# Taxes and housing in Canada if moving to Mexico



## xavaero (Feb 24, 2011)

Hi there! This is my first post to your forum! My husband has just received an opportunity to work in Mexico City. We are currently living in Vancouver, BC. My questions are ...

1. Do we have to sell our house in Vancouver (like we did when moving to the Middle East)?
2. Will we be penalized if I am living in Mexico but receiving a paycheck from Canada into a Canadian account (I have the opportunity to teach online University courses so I don't need to be based in Canada).

We don't want to have to sell everything and do the 'non-resident' thing again.
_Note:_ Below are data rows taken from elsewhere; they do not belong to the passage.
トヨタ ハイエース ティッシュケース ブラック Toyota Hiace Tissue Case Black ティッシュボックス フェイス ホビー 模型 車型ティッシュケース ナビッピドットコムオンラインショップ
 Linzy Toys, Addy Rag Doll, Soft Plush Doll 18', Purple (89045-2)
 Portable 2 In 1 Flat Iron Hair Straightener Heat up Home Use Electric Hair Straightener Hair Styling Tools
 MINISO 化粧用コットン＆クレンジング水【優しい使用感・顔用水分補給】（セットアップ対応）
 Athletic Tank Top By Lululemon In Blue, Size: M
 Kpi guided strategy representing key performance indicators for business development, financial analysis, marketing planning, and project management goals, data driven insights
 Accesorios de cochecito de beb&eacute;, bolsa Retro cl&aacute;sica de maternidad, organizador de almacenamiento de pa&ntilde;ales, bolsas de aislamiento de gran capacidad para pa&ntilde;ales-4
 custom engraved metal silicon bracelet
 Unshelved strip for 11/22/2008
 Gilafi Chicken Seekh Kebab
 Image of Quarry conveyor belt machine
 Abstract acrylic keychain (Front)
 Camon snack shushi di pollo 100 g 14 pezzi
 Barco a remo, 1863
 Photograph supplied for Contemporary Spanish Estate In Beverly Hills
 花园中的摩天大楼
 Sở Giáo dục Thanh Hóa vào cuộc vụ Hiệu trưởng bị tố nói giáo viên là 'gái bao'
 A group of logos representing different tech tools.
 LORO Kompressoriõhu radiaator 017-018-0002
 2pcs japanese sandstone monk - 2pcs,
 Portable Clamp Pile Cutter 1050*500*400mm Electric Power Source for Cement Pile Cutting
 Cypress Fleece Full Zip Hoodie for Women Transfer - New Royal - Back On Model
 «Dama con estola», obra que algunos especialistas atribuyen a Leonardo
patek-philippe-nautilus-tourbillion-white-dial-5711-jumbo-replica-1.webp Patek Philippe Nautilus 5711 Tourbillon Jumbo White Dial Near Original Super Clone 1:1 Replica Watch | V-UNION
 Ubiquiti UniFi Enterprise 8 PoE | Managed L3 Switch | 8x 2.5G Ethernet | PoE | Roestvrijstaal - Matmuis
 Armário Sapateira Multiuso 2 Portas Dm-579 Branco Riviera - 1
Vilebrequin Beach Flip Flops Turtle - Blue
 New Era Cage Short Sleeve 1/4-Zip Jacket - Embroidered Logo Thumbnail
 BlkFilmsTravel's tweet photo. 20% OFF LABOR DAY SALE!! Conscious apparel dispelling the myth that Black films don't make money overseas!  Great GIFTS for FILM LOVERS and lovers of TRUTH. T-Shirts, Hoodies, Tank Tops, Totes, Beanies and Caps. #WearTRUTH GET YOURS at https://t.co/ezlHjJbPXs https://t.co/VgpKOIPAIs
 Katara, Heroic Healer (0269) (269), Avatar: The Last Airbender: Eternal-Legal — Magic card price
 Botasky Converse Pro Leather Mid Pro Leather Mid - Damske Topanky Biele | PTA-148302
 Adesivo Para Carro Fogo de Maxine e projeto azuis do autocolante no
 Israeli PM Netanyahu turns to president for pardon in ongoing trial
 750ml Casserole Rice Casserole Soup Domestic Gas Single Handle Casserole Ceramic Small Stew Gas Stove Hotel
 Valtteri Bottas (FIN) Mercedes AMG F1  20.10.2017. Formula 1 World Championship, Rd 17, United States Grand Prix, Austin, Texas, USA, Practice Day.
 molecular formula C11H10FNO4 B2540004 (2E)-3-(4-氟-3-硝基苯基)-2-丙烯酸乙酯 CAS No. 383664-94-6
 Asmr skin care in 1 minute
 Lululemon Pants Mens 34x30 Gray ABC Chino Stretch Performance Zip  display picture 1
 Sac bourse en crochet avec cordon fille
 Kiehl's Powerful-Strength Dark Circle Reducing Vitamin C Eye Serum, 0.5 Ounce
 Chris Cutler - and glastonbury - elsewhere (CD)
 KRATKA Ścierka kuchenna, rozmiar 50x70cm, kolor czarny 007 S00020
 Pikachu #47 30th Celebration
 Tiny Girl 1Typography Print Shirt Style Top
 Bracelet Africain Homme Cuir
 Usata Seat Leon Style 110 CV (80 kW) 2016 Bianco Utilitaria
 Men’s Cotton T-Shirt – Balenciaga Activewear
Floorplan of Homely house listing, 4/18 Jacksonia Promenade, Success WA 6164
My husband was reading on the internet about the NAFTA agreement and looked as though we don't have to pay tax in Canada if we are paying tax in Mexico.

Can someone shed some light on this confusing issue?

Thanks

Shirley


----------



## RVGRINGO (May 16, 2007)

Welcome to the forum.
You do seem confused and I'm certainly no expert on this, but here are my first impressions:


1. Why would you have to sell your home in Canada? I assume that you could rent it to someone while you are in Mexico.
2. I expect that you would be taxed normally on your Canadian income.
3. There are tax agreements between the two countries. You won't be taxed twice.
4. Working in Mexico will require the permission of INM (Immigration) on your visa.

I'm sure there are some other Canadians in your position who can provide all the details you need.


----------



## xavaero (Feb 24, 2011)

Thanks so much for your reply. The reason I am confused is that when we lived in the Middle East, we had to sever all ties with Canada (sell our house, etc.). If we have to do this for Mexico as well, we will have to sell our house and I will not be able to work and be paid by a Canadian company (unless my husband declares all of the money he makes in Mexico). If we have to pay a huge amount of tax in Canada, it kind of defeats the purpose of me working through Canada ... we just want to make sure we do things right and without too much hassle (we honestly don't want to sell the house because then we will have to pay storage for all of our furniture we won't be taking to Mexico) ...

It is a huge decision ... 

thanks again ...

S


----------



## RVGRINGO (May 16, 2007)

You'll want to check with a Canadian tax accountant, etc.


----------



## conklinwh (Dec 19, 2009)

I certainly don't know Canadian tax law and I was always sponsored by a US company but in none of my overseas assignments was I forced to sell my house. That was an option and there were pros/cons. Under US tax law, I was able to get a tax credit for all foreign paid taxes so no duplicate. Key in my case was that stated intention of company was that I wouldn't be adversely effected US tax wise by the assignment as I was given a lot of taxable benefits.


----------



## kcowan (Jul 24, 2010)

I think you are talking about the difference between no tax treaty (Saudi) and Mexico which has a tax treaty with Canada. You need to declare all your income to Mexico and pay your taxes here. Then you need to file in Canada and claim the tax paid in Mexico against any taxes owing in Canada. Chances are you will be fine, having paid all the taxes owing.

Unlike Saudi where you had to severe Canadian ties, in Mexico you can retain your house in Canada. The company should provide an accounting service. Many companies will ensure that such a posting does not cost you anything after tax.


----------



## digame (Apr 10, 2009)

This person is wanting to be a non-resident of Canada, otherwise taxable on world income with credit for taxes paid elsewhere. Hence the talk about severing all ties or they will be deemed to continue residency for tax purposes.
It has been many years but I would guess the law has not changed that you can elect on a rental of your home in Canada and file a special form accordingly. That does not preclude severing all other ties though.
Obviously spending about $ 300 to meet with a C.A. with international experience would be money well-spent, rather than listing a question on a website. Penny-wise and pound-foolish.


----------